The Party’s Over: While the SEC couldn’t shake fault with Madoff, the Great Recession did. The collapse of the global economy brought nearly everyone to their knees, except for Madoff’s firm, which was claiming year-to-date returns of 5.6% in November 2008 while the S&P 500 plummeted by 39% over the same period.

As the economic crisis grew more dire, Madoff’s clients began demanding investment redemptions, but the bank account at the source of his trickery could not accommodate the rush for cash. With no Plan B to save himself, Madoff decided to turn over the proverbial new leaf and become honest about how he conducted himself.

On Dec. 10, 2008, Madoff met with sons Mark and Andrew Madoff, who worked as senior managers in his firm’s trading operations, and acknowledged the Ponzi scheme that he pulled and revealed that he was hoping to secure additional funds in order to compensate his employees and wind down operations.

The younger Madoffs were appalled at what they learned and immediately contacted federal investigators. The FBI raided Madoff’s office the next day and arrested him at his penthouse apartment — he was still in pajamas when he was put into custody.

In combing through Madoff’s records, the SEC investigators finally located the truth behind the scam: Madoff’s regulatory statements claimed he had only 23 accounts when in reality there were more than 4,000. The high-profile clients who were duped by Madoff became public knowledge, which further raised the media frenzy surrounding the story.

To the surprise of many, Madoff was willing to plead guilty to the 11 charges brought against him without raising the hint of striking a plea deal. He would state that he was solely responsible for what transpired and that neither his sons, his brother Peter Madoff (who was the firm’s chief compliance officer) or his wife Ruth (who formerly worked as his bookkeeper) knew anything of what transpired.

Madoff entered his guilty plea on March 12, 2009, and was sentenced three months later to the maximum punishment of 150 years in prison, along with the requirement to pay a $170 billion restitution.

Related Link: Can You Guess Which US City Has The Largest Rodent Infestation?

A Troubling Denouement: If Madoff believed his legal sacrifice would spare others from justice, he was incredibly wrong. His brother Peter pleaded guilty to securities fraud and falsifying records and was sentenced to 10 years in prison, while five former Madoff assistants were convicted of aiding the fraud: two escaped prison terms and one died before he was to be sentenced.

Madoff’s sons were never implicated in their father’s crimes, but the grief and pain it created damaged them. Mark Madoff attempted suicide in 2009 and succeeded in 2010 at the age of 46, while his brother Andrew’s health suffered: a lymphoma condition that went into remission in 2003 came back due to the stress of the scandal and he died in 2014 at the age of 48.

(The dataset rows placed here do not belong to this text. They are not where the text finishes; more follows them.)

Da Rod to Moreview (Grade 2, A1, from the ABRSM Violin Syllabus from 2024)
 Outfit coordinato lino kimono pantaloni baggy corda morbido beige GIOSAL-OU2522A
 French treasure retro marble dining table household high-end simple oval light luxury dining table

Madoff’s widow would always insist she was completely unaware of her husband pulled a historic Ponzi scheme, even claiming at one point that she had no idea what a Ponzi scheme was until he broke the news to her. As part of his guilty plea, Madoff arranged for Ruth to forfeit $80 million worth of assets they accumulated from his ill-gotten gains while she would retain $2.5 million. She is now living in a condo in Old Greenwich, Connecticut, and has refused to speak with the media. All of her grandchildren had their Madoff surname legally changed.

To date, a court-appointed trustee recovered more than $13 billion of the estimated $17.5 billion that investors entrusted with Madoff’s business.

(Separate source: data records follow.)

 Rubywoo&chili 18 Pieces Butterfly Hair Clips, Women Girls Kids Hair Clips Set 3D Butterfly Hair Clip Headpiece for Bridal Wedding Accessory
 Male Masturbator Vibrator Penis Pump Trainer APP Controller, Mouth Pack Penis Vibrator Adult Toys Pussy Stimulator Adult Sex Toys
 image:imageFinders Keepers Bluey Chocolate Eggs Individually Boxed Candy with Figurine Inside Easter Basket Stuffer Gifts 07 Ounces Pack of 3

Madoff gave a few interviews during his imprisonment. Over the years, he seesawed between remorse and incredulity, offering rueful comments on how his actions destroyed his family yet also insisting at one point that he allowed himself “to be talked into something and that's my fault,” as if he was also the victim of a con job.

Yet Madoff could also be brutally tactless when confronted with the results of his lies. Upon learning the news that French banker Rene-Thierry Magon de la Villehuchet, who invested over $1 billion of his clients’ money with Madoff, killed himself after discovering the severity of his losses, shrugged and replied, “That guy couldn’t pick a stock if his life depended on it.”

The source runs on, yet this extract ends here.